At the time, the experiment was understood to demonstrate that light was a wave. The “interference pattern” is caused by light waves passing through both slits and interfering with each other on the other side, producing bright bands where the peaks of the two waves line up and dark bands where a peak meets a trough and the two cancel out.
In the 20th century, physicists realized the experiment could be adapted to demonstrate that light not only behaves like a wave, but also like a particle (called a photon). In quantum mechanical theory, this particle still has wave properties—so the wave associated with even a single photon passes through both slits, and creates interference.
In a new twist on the classic experiment, we replaced the slits in the screen with “slits” in time—and discovered a new kind of interference pattern. Our results were published this week in Nature Physics.
Slits in Time
Our team, led by Riccardo Sapienza at Imperial College London, fired light through a material that changes its properties in femtoseconds (quadrillionths of a second), only allowing light to pass through at specific times in quick succession.
We still saw interference patterns, but instead of showing up as bands of bright and dark, they showed up as changes in the frequency or color of the beams of light.
To carry out our experiment, we devised a way to switch on and off the reflectivity of a screen incredibly quickly. We had a transparent screen that became a mirror for two brief instants, creating the equivalent of two slits in time.
So what do these slits in time do to light? If we think of light as a particle, a photon sent at this screen might be reflected by the first increase of reflectivity or by the second, and reach a detector.

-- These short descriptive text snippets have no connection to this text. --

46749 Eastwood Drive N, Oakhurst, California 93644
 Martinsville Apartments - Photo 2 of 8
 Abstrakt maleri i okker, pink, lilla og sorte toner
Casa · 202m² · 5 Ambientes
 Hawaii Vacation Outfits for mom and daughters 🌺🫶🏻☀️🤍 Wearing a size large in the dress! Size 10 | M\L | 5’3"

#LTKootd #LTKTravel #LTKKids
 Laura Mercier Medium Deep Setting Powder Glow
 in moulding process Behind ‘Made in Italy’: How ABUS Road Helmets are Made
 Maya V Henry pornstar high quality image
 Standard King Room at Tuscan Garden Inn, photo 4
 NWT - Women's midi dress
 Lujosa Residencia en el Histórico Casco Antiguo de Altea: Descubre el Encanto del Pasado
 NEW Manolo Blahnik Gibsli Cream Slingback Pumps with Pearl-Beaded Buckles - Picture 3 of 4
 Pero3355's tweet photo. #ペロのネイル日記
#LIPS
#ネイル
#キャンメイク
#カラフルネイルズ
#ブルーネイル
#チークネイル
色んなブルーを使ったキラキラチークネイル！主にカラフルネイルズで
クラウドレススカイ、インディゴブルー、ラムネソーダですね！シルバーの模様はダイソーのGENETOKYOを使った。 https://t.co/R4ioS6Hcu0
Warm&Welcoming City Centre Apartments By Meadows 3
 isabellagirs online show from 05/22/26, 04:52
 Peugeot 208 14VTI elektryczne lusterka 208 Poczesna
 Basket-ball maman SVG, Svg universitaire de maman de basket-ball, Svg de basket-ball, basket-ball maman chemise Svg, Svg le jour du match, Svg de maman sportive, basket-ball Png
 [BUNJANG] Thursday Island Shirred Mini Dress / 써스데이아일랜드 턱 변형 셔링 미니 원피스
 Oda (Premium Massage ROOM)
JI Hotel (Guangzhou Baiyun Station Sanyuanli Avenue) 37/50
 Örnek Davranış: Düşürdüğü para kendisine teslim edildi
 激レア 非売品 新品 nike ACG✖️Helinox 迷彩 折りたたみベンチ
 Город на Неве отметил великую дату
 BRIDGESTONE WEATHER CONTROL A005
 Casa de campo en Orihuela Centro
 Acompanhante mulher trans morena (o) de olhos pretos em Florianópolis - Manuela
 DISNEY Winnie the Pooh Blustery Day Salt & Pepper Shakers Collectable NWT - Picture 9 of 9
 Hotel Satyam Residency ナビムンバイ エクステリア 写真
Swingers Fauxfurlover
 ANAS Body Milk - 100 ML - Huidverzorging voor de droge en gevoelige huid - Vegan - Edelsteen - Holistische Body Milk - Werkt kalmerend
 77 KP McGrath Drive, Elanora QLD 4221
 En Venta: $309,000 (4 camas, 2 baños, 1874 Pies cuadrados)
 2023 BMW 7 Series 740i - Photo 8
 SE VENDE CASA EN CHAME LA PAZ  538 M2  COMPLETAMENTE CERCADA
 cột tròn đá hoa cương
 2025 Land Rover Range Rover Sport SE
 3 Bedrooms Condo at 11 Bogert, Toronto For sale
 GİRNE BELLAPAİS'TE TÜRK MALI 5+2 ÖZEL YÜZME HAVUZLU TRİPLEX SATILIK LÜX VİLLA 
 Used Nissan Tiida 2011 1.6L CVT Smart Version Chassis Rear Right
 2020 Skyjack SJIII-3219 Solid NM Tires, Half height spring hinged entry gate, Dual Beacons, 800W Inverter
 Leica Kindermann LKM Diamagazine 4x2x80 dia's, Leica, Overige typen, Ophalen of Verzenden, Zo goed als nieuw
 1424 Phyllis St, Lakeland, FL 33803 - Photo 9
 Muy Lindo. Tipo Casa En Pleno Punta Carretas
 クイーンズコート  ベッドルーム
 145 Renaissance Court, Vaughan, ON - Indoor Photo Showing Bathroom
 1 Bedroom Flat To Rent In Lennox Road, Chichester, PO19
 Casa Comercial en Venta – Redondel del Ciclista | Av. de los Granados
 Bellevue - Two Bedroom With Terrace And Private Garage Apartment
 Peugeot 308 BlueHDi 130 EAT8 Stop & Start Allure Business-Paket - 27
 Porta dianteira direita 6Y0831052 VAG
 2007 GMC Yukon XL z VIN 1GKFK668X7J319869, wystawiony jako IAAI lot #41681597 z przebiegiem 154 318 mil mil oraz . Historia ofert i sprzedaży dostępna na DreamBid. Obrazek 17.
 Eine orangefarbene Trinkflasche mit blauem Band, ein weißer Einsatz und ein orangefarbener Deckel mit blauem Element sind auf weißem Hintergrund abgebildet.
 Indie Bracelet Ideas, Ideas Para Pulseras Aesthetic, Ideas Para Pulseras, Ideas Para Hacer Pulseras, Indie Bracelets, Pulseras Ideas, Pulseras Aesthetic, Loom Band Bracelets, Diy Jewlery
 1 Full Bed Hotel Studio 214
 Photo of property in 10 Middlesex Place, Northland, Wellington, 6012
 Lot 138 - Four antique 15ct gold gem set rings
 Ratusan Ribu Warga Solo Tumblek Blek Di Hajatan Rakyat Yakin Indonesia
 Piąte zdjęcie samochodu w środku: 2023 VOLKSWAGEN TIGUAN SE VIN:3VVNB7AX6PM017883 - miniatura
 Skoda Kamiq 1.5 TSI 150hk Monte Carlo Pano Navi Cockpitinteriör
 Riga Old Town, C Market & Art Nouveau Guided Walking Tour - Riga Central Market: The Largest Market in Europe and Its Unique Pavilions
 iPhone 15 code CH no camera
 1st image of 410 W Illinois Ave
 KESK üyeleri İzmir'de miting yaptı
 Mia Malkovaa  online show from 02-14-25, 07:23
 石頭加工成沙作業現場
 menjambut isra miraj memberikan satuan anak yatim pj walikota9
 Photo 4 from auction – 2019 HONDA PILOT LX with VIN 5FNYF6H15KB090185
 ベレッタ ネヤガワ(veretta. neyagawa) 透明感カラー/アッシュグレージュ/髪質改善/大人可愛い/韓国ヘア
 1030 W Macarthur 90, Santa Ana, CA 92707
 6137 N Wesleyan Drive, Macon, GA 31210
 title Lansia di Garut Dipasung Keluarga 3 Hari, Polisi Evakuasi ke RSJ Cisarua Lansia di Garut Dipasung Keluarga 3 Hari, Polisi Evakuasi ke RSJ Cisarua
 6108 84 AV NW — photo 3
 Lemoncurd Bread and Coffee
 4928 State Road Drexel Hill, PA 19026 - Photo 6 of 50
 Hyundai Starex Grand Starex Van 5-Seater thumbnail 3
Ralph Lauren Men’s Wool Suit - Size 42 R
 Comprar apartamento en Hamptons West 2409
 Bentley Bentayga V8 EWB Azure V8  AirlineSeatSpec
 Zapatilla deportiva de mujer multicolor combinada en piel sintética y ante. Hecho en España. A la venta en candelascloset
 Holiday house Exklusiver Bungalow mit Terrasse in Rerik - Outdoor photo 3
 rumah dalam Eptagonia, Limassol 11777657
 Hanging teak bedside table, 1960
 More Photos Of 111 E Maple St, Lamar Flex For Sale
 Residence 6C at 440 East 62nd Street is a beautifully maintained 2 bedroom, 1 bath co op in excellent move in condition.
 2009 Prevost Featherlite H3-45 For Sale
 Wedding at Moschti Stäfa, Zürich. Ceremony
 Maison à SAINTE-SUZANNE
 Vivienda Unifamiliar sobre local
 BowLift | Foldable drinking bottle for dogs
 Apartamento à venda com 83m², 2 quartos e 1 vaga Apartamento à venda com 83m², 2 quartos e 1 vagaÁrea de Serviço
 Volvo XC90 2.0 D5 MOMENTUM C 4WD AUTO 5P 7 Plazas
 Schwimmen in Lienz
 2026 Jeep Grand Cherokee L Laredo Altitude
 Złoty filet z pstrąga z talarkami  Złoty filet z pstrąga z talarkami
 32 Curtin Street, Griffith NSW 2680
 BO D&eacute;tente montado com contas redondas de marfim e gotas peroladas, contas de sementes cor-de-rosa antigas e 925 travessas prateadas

However, the wave nature of the process means the photon is in a sense reflected by both temporal slits. This creates interference, and a varying pattern of color in the light that reaches the detector.
The amount of change in color is related to how fast the mirror changes its reflectivity. These changes must be on timescales comparable with the length of a single cycle of a light-wave, which is measured in femtoseconds.
Electronic devices cannot function quickly enough for this. So we had to use light to switch on and off the reflectivity of our screen.
We took a screen of indium tin oxide, a transparent material used in mobile phone screens, and made it reflective with a brief pulse of laser light.
From Space to Time
Our experiment is a beautiful demonstration of wave physics, and also shows how we can transfer concepts such as interference from the domain of space to the domain of time.
The experiment has also helped us in understanding materials that can minutely control the behavior of light in space and time. This will have applications in signal processing and perhaps even light-powered computers.